[Start of Attachment]
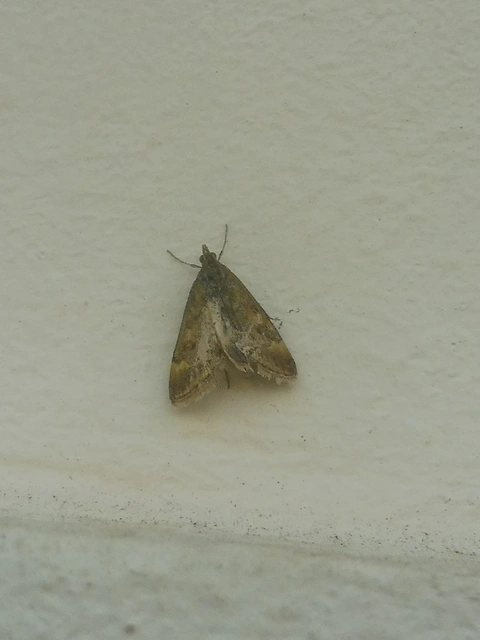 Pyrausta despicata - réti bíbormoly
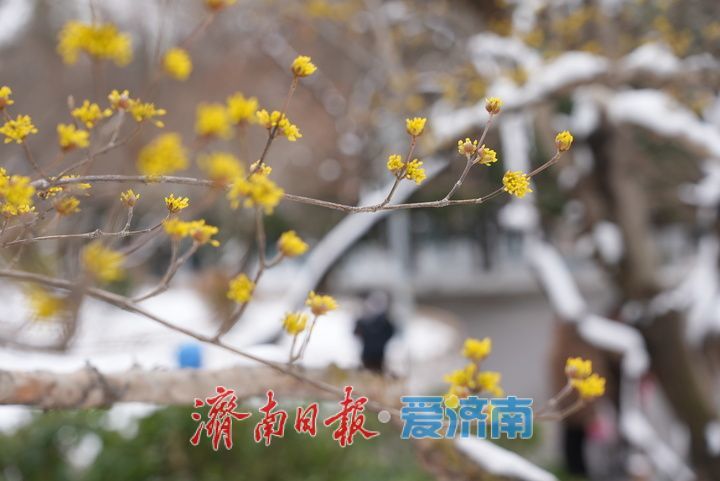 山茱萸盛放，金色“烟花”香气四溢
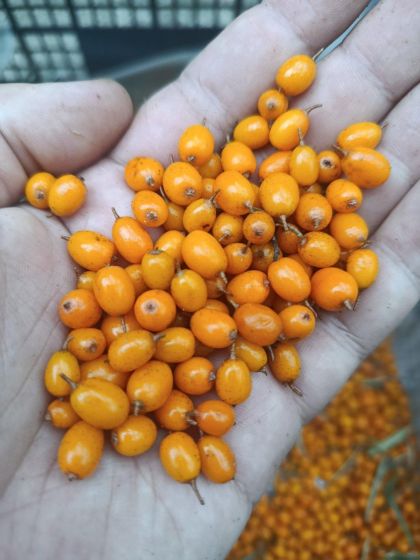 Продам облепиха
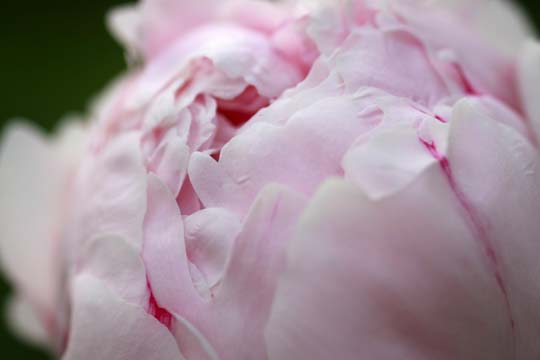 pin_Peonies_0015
[End of Attachment]
* **WORK REQUIRED**: Everything in the data above should be set down again exactly, except the pictures.

* **ANSWER BELOW**:
 Pyrausta despicata - réti bíbormoly
 山茱萸盛放，金色“烟花”香气四溢
 Продам облепиха
 pin_Peonies_0015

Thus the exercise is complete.